We designed a real-world experiment where the robot autonomously explores an entire floor and searches for a specified laboratory. The robot autonomously explores large-scale spaces, identifies laboratory characteristics, and records the locations of rooms that qualify as laboratories. As a result, the robot successfully navigated the entire floor, planned the exploration route, and found the specified laboratory.

Detection Performance

We compared the risk detection success rates compared three configurations: Public only, Public + Real, and Public + Real + Synthetic. By using small models trained on diverse datasets, the system achieves better accuracy in risk identification.

Manipulation Performance

We designed various meta-action-based manipulation experiments to equip our robot with basic laboratory risk mitigation capabilities, including upright fallen bottles, relocate edge-exposed objects, place tipped bottles onto racks, wipe spilled liquids, and clear debris from workbenches. Additionally, we validated some fundamental laboratory operations, such as sorting unclassified reagent bottles and transferring misplaced tubes, enabling it to perform a variety of essential laboratory tasks.
We provide operation videos from multiple perspectives for various tasks.

Front View

Side View

Before Operation

After Operation

Unright Fallen Bottles

Reload to Safe Zone

Place onto Rack

Wipe Spilled Liquid

Clear Trash

Sort Reagent Bottles

Transfer Test Tubes

We achieved high success rates across various tasks, which demonstrate the effectiveness of combining vision-language reasoning with meta-action sequence control for autonomous laboratory risk mitigation, while also identifying opportunities for further improvements in precision-critical manipulations.

Inspection Performance

We designed a comprehensive inspection experiment. During the inspection process, the robot autonomously plans the inspection route and performs risk identification and handling in each zone.
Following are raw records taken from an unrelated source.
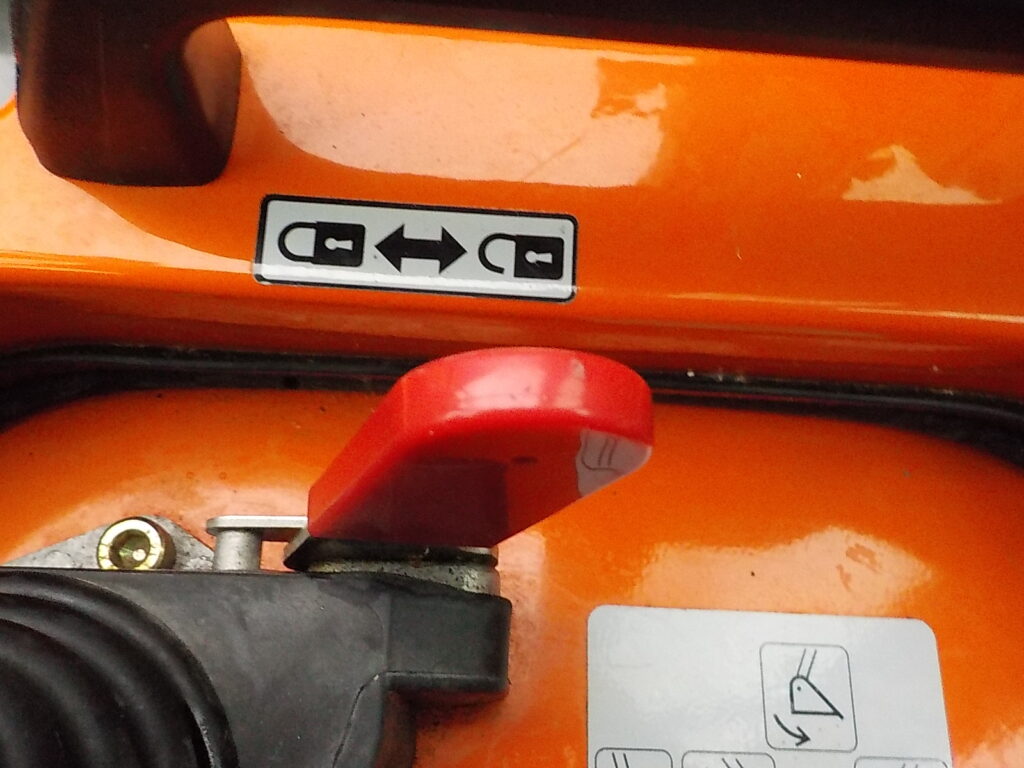 平成26年　日立　ホイールローダー　ZW20　★0.3立米★タイヤチェーン４本★使用時間約320HR★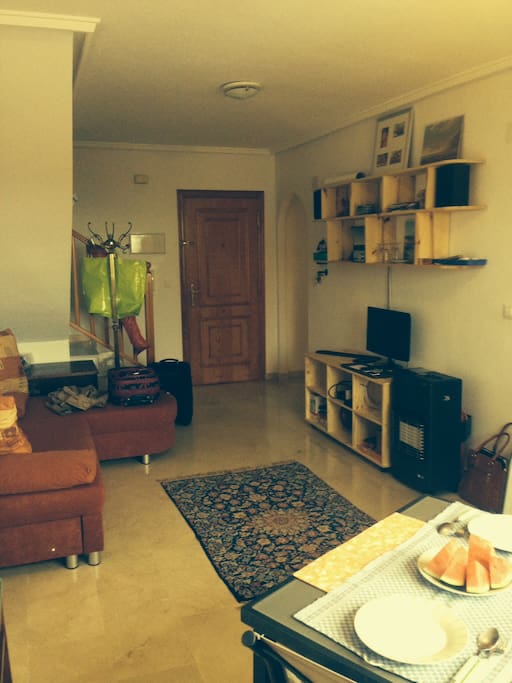 Wohnzimmer Ansicht in die Wohnung (links Schlafcouch)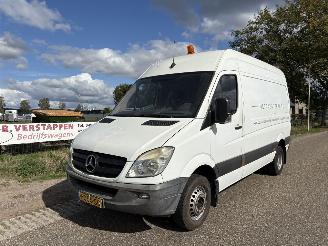 krockskadad bil bedrijf Mercedes Sprinter 519 CDI 3.0 V6 DUBBELLUCHT, AIRCO, HANDGESCHAKELD 2010/11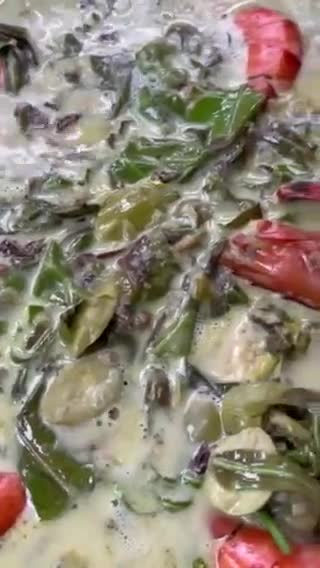 Gambar langkah 3 resipi MASAK LEMAK SAMBAL HIJAU PETAI PUCUK MIDIN & UDANG HARIMAU.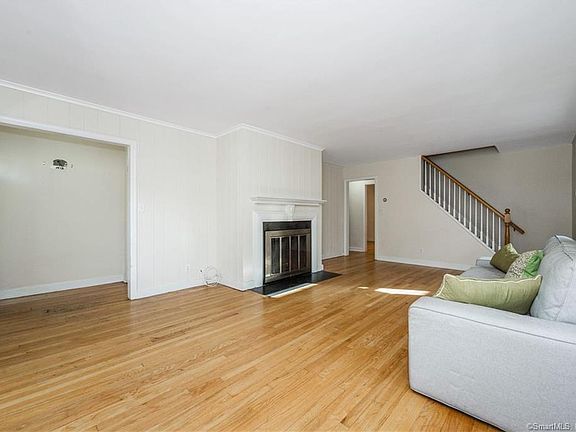 3rd image of 35 Woodland Dr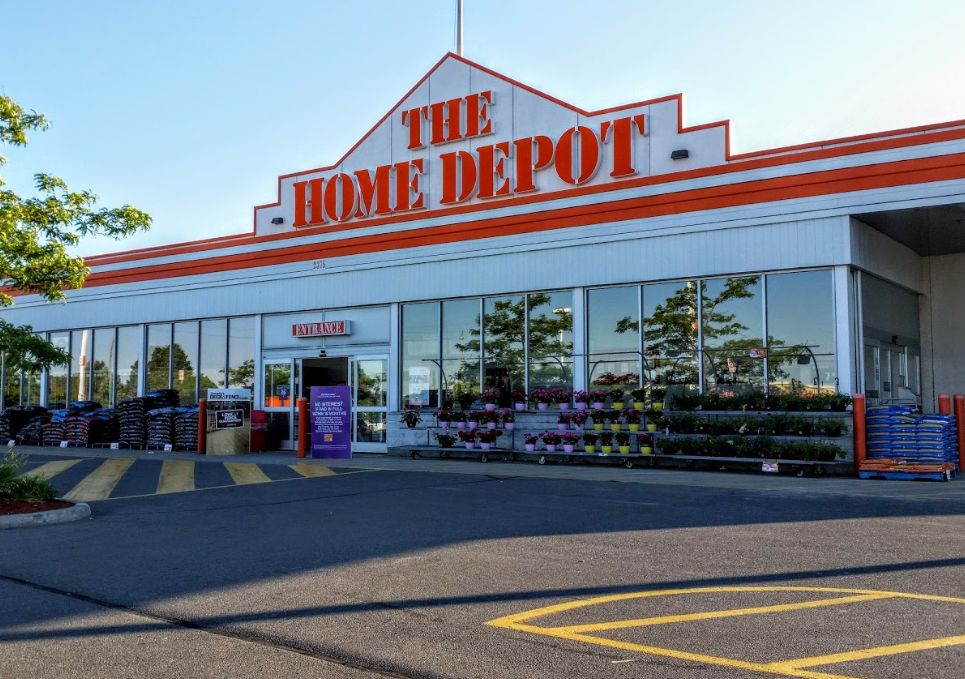 今天约克大学homedepot旁商店遭乱枪扫射枪手在逃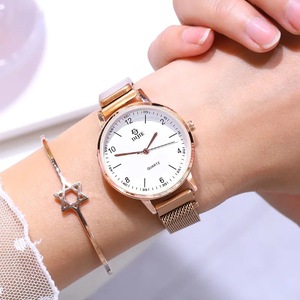 Reloj de Cuarzo Casual de Lujo para Mujer, Diseño Coreano Retro Mori, Cielo Estrellado con Corazón, 36mm, Aleación, Cristal, Puntero, Múltiples Husos Horarios - Product Image 1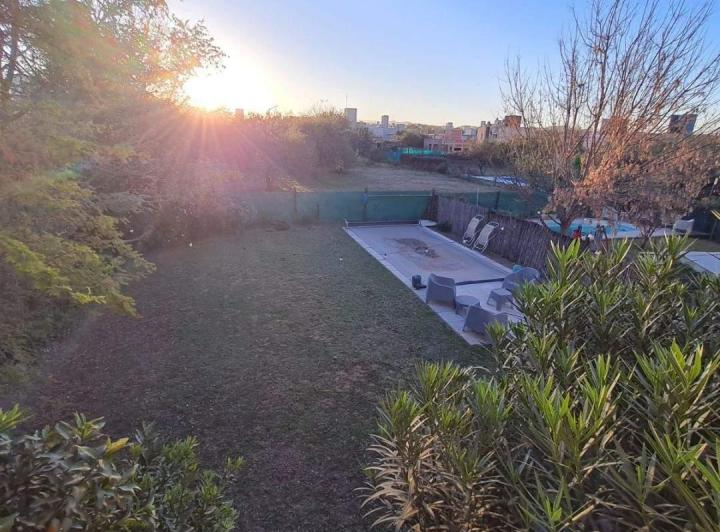 Casa · 170m² · 5 Ambientes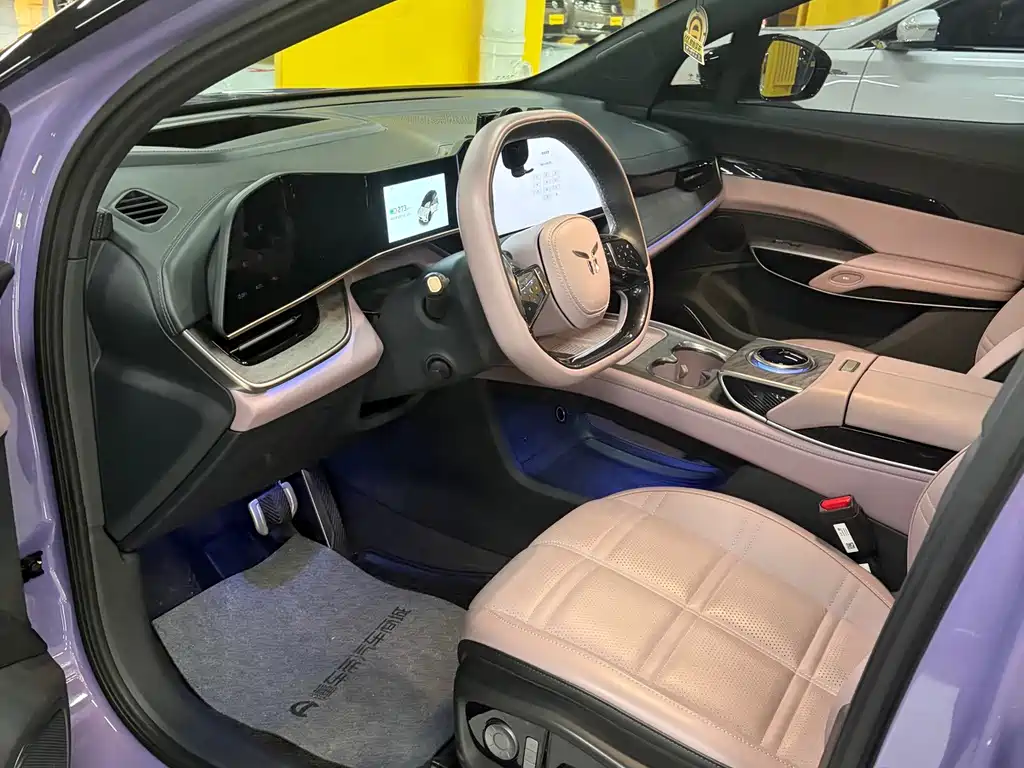 Hongqi Hongqi Tiangong 08 — миниатюра 8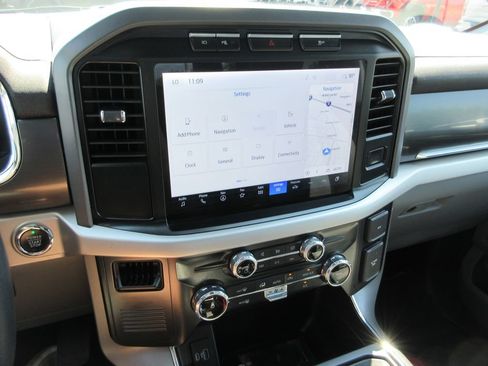 Used 2022 Ford F150 Lightning XLT AWD/4WD image 25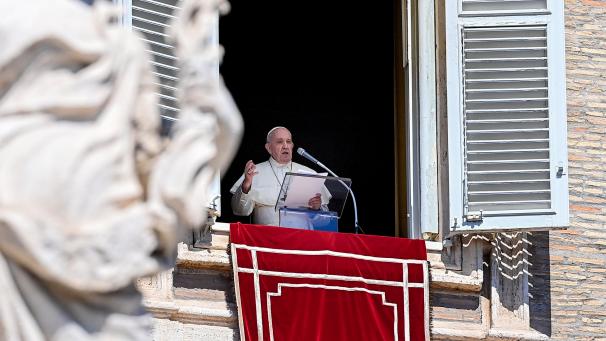 <p>Der Papst am Sonntag bei seiner Angelus-Ansprache.</p>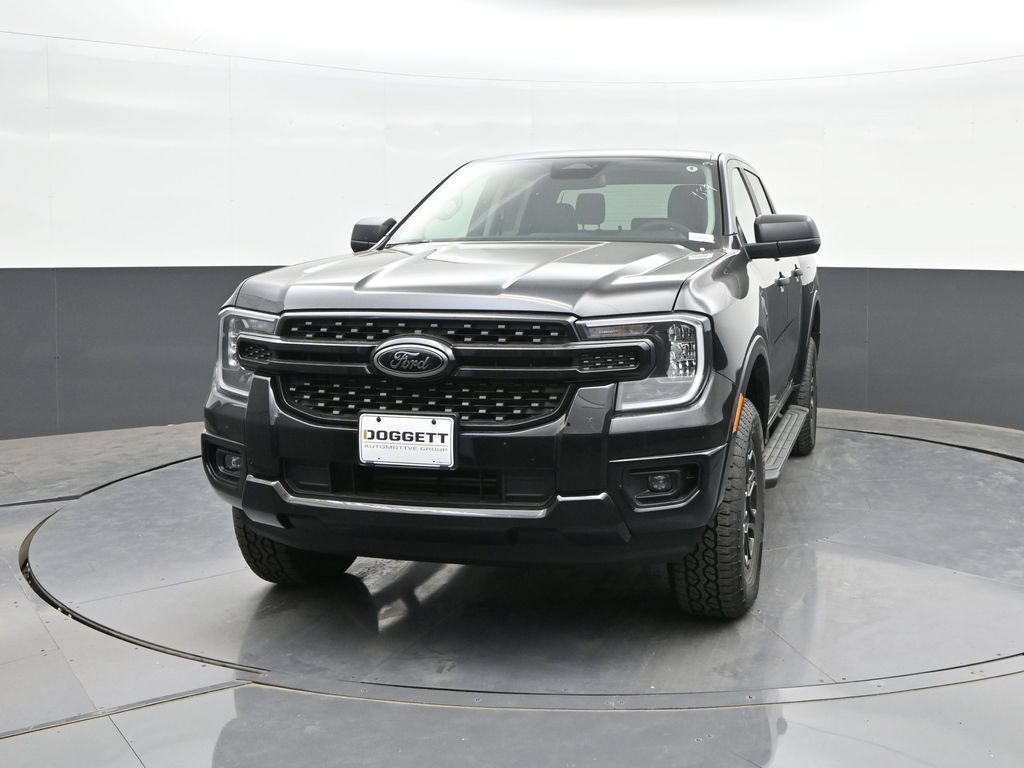 New 2026 Ford Ranger XLT w/ Black Appearance Package RWD image 25
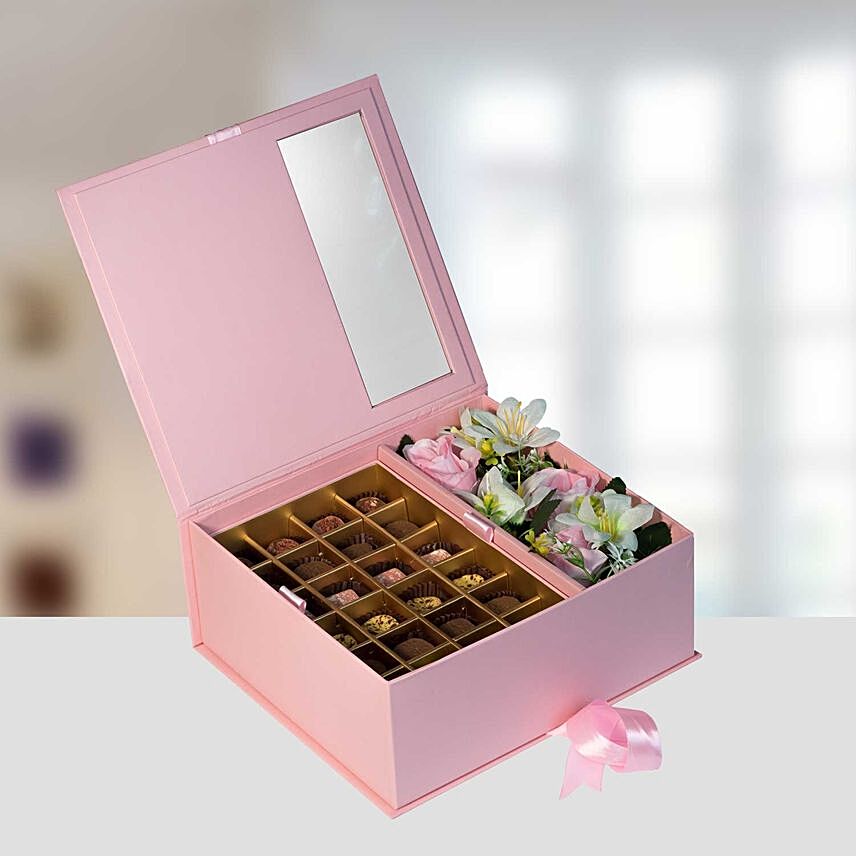 Classic Pink Chocolate Box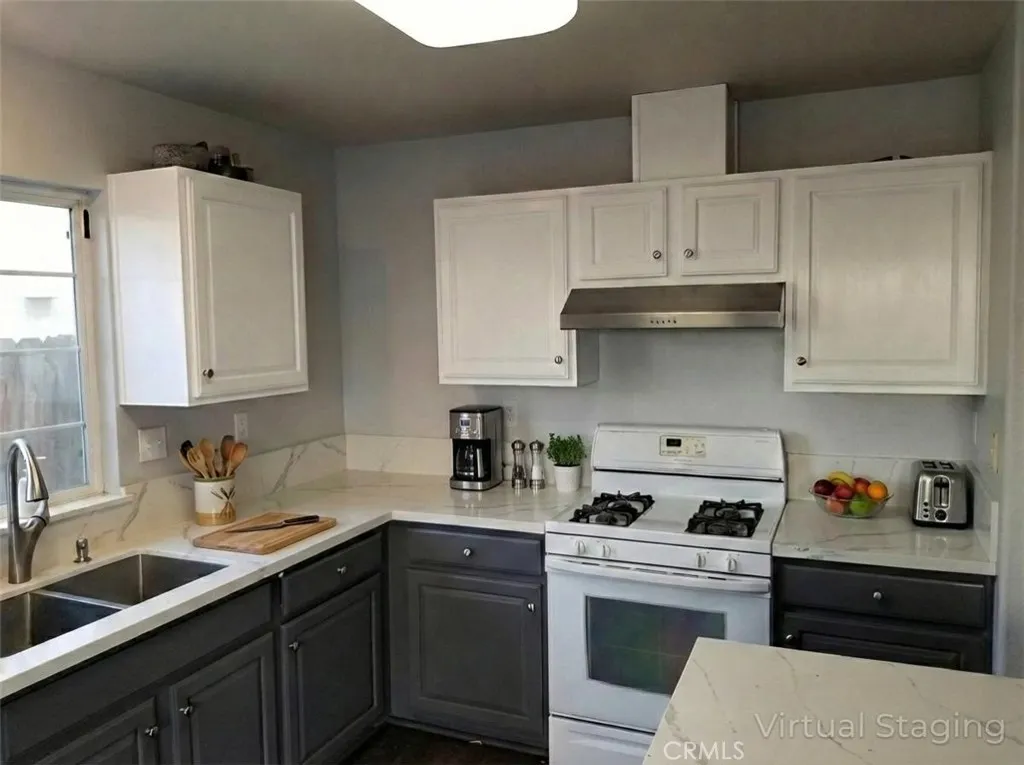 3758 Larkspur, Merced, California 95348 home-pic-1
For operable risks, the robot autonomously intervenes; for inoperable risks, the robot reports them to human operators. Additionally, we developed a human-robot interaction interface, allowing operators to control the robot using natural language commands for inspection tasks, while the robot provides real-time feedback on its current status and operation results through the interface.

Conclusion and Future Work

We propose the ALARMbot, which unites a LiDAR-equipped mobile base, RGB-D perception, and a 6-DoF manipulator within a ROS framework to deliver semantic-aware navigation, real-time hazard detection, and autonomous intervention in laboratory settings. Powered by foundation vision-language models and YOLOv8-OBB (91.2 % mAP), the system handles risks in an average of 8.5 s and completes inspection routes with a 97.5 % success rate, proving both reliable and effective for intelligent safety management.
Future work will extend the methodology to other high-risk domains—industrial plants, chemical warehouses—and explore multi-robot collaboration, continual learning for dynamic environments, and richer human-robot interaction to create more scalable, adaptive safety solutions.